What do errors based on the training set tell us?

Answer

A

They give us information about the fit of the model

Question 5

Q

What do errors based on the validation/testing set tell us?

Answer

A

They measure the model’s ability to predict new data

Question 6

Q

What three types of outcomes exist in prediction through supervised learning

Answer

A

Predicted numerical value
Predicted class membership
Propensity - probability of class membership

Question 7

Q

What do we focus on when we are evaluating predictive performance (with numerical variables)?

Answer

A

We measure accuracy by using the prediction errors on the validation/test set.

All the measures are based on the prediction error.
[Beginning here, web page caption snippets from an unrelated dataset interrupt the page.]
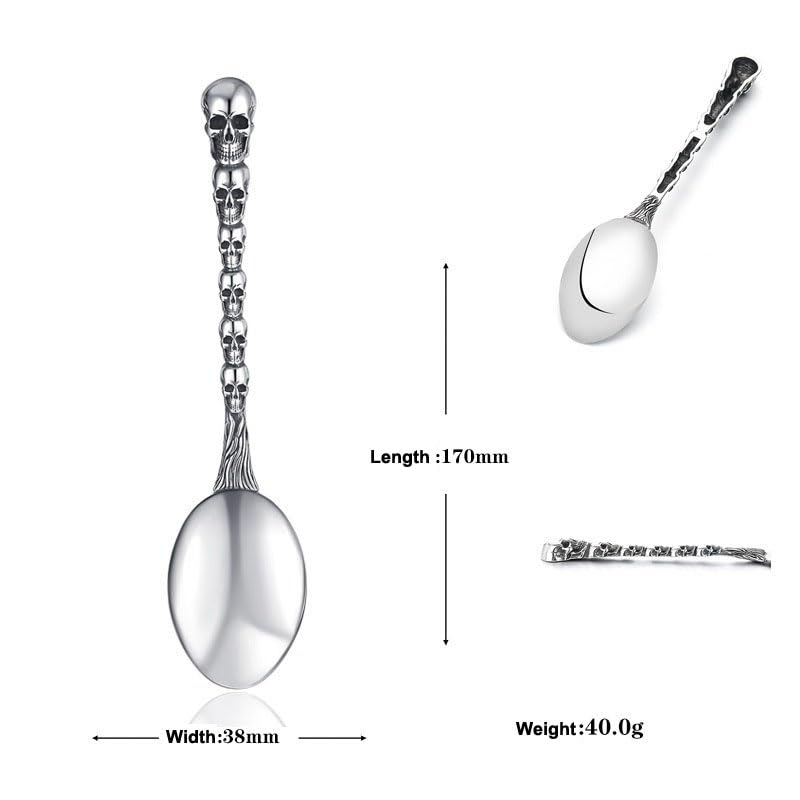 Skull Motif Serving Set - Stainless Steel Fork and Spoon for Halloween & Gothic Decor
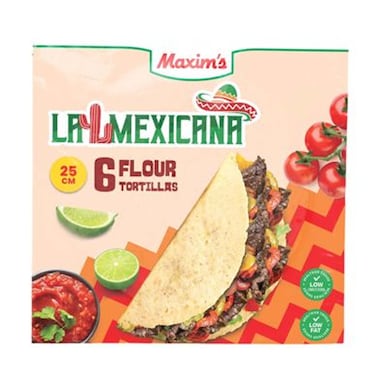 Maxim's 25CM Flour Tortilla 6 Wraps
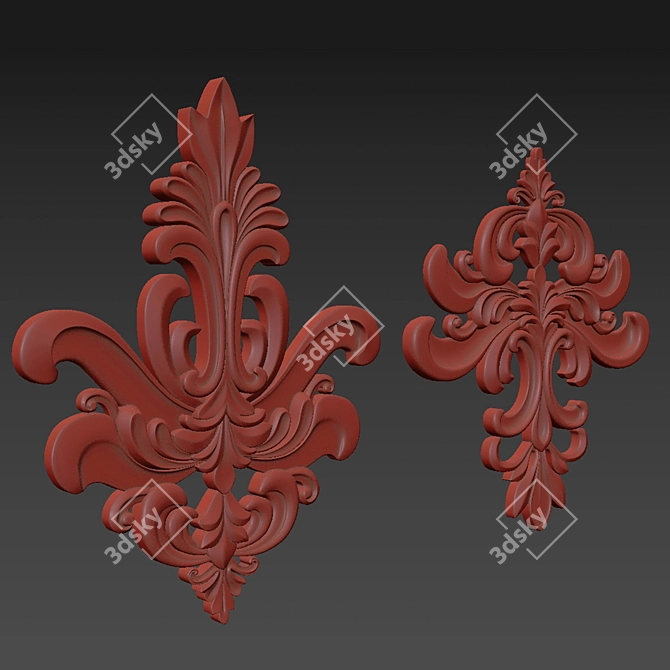 Luxury 3D Ornament Model Kit 3D model image 6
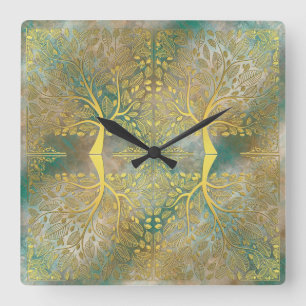 Golden Tree Reflection on Earth Tones Quadratische Wanduhr
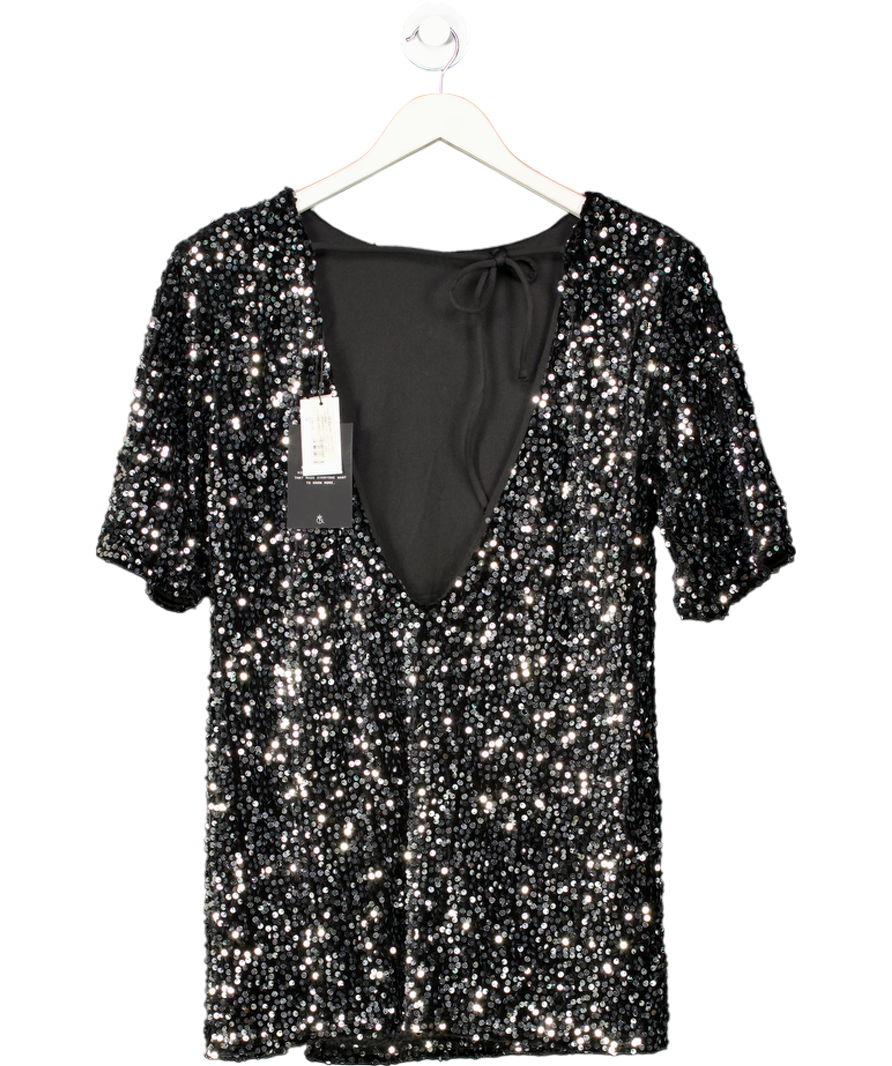 4th & Reckless Velvet Sequin Mini T-shirt Dress With Open Back In Black UK 6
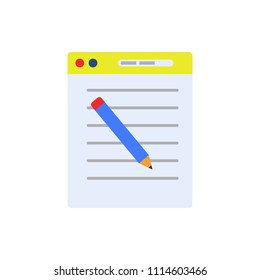 electronic writing colored icon on white background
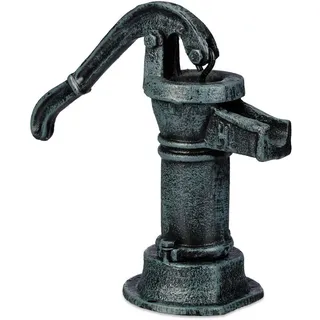 Relaxdays Deko Pumpe , Grau , Metall , 13.5x22.5x10.5 cm , Dekoration, Gartendeko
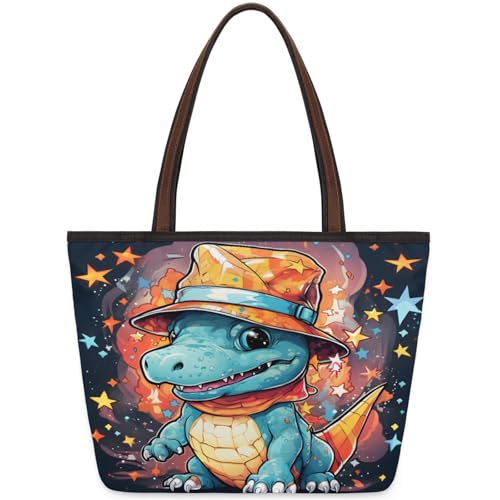 Star Cute Dinosaur Tote Bag Multi Pocket Zippered Beach Bag Lightweight Waterproof Handbag for Women Men Work Gym Travel Swimming Yoga Grocery Shopping L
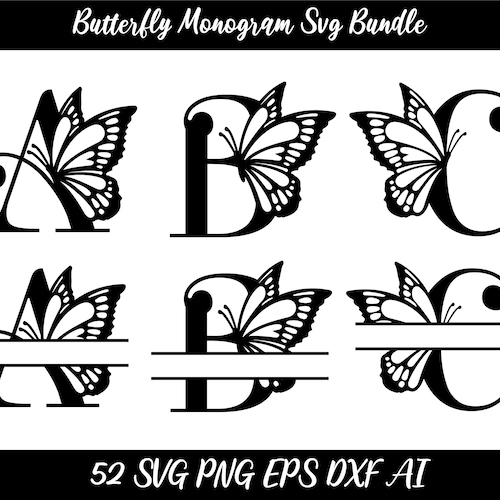 Butterfly Split Monogram Svgbutterfly Alphabet Monogram SVG - Etsy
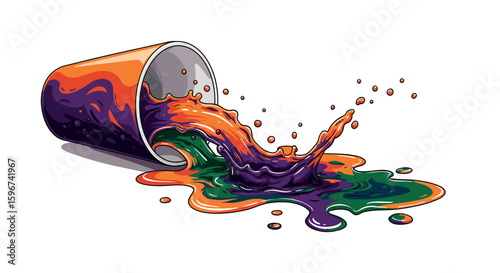 Vibrant splatter of colorful liquid from tipped over cup with dynamic splash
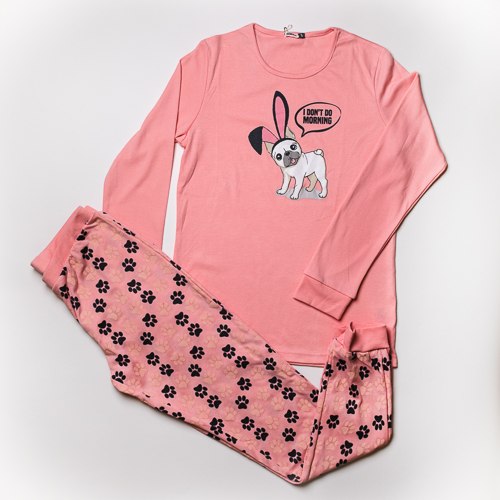 פיג'מת אינטרלוק כלב אפרסק נשים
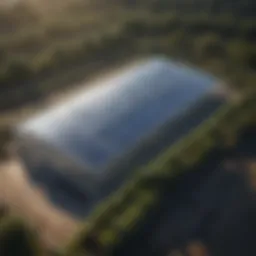 Aerial view of a modern greenhouse with solar panels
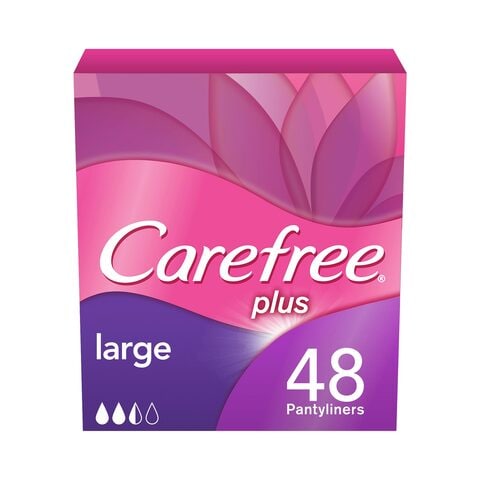 Carefree Plus Large Light Scent Pantyliners White 48 count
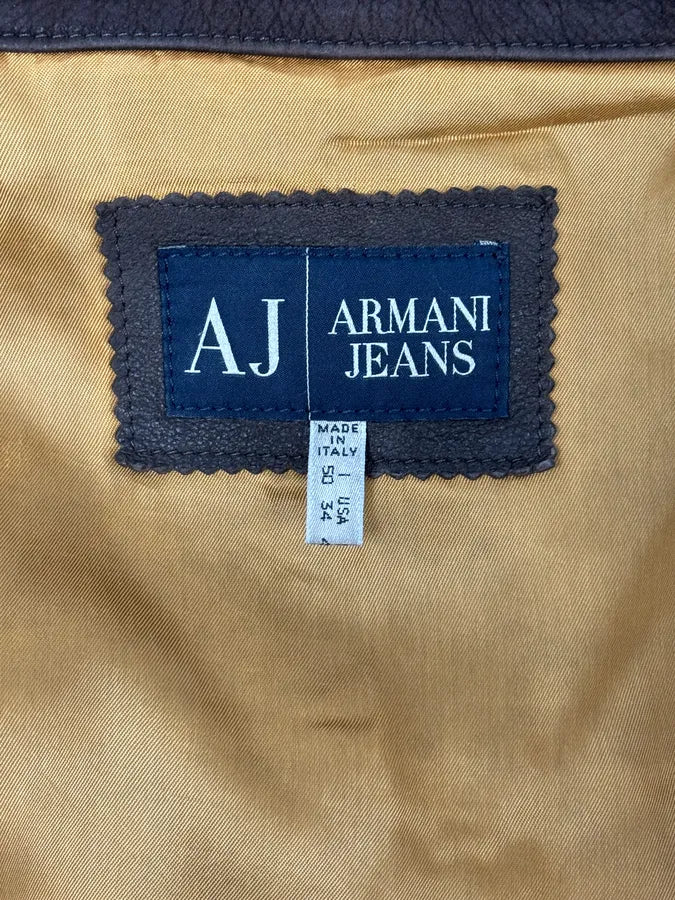 2000s Armani Brown Padded Suede Leather Jacket - Image 12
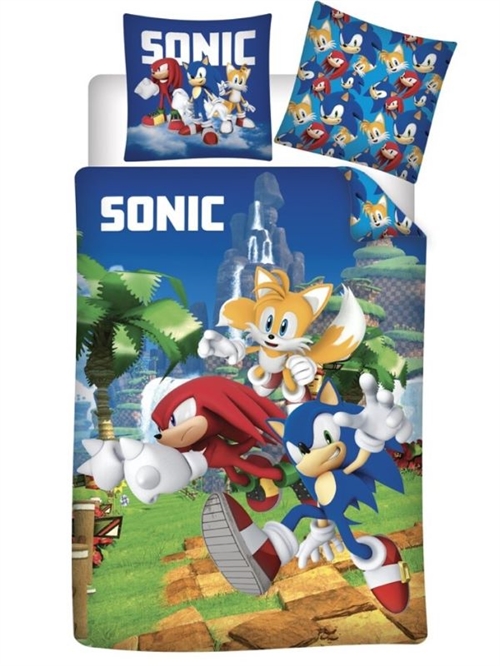Sonic sengetøj Sonic - Tails - Knuckles, 140*200 cm/ 63*63 cm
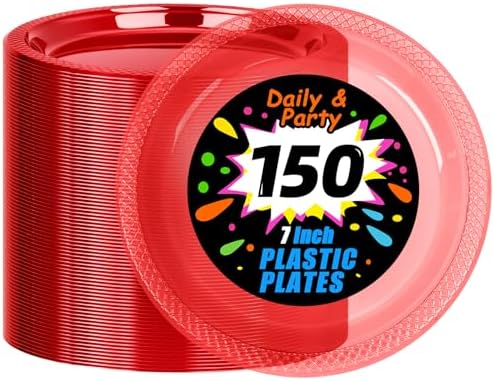 Neon Red Party Plates 7 Inch -150 Count, Translucent Red Plastic ...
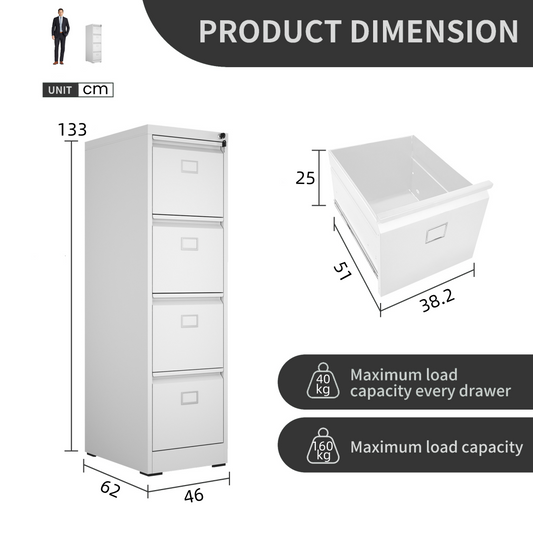 Steel Big Size Vertical 4 Drawer Filing Cabinet Cupboard Locker Swan Handle With Card Slots - White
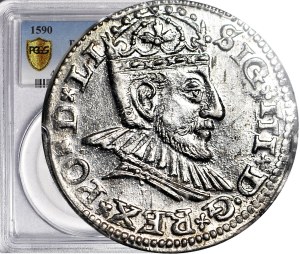 Sigismund III Vasa, Trojak 1590 Riga, minted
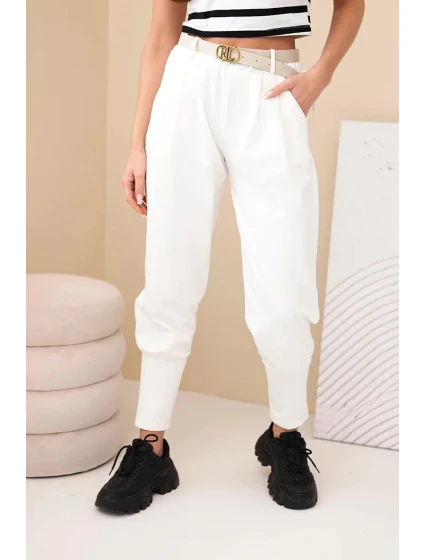 Dámske bavlnené nohavice s vysokým pásom a opaskom ecru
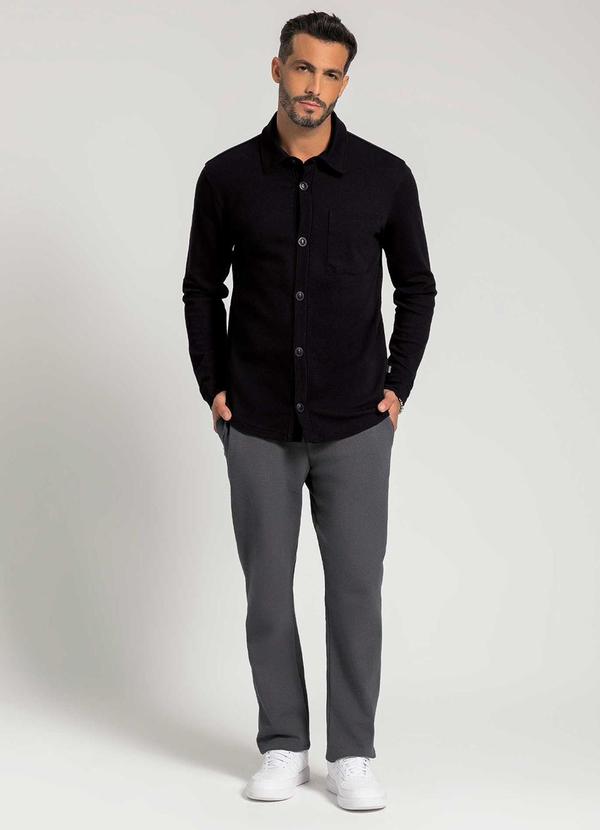 Exco - Camisa Masculina com Fechamento em Botões Preto 2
For a single record this is computed by subtractig the predicted outcome value from the actual outcome value:

ei = Yi - Yihat

Question 8

Q

Which five accuracy measures are there for models that predict numerical values?

Answer

A

Mean absolute error (MAE)
Mean error
Mean percentage error (MPE)
Mean absolute percentage error (MAPE)
Root mean squared error

–> Check slides for the formula’s.

Question 9

Q

What is the benefit of the mean percentage error(MPE) ?

Answer

A

It takes into account the direction of the error

Question 10

Q

What do you need to take into account when using any of these measures using the mean?

Answer

A

The measures are affected by outliers.

Question 11

Q

What is a Lift chart?

Answer

A

A graphical way to assess predictive performance. You use this when your goal is to search for a subset of records that gives the highest cumalative predicted values. (ranking)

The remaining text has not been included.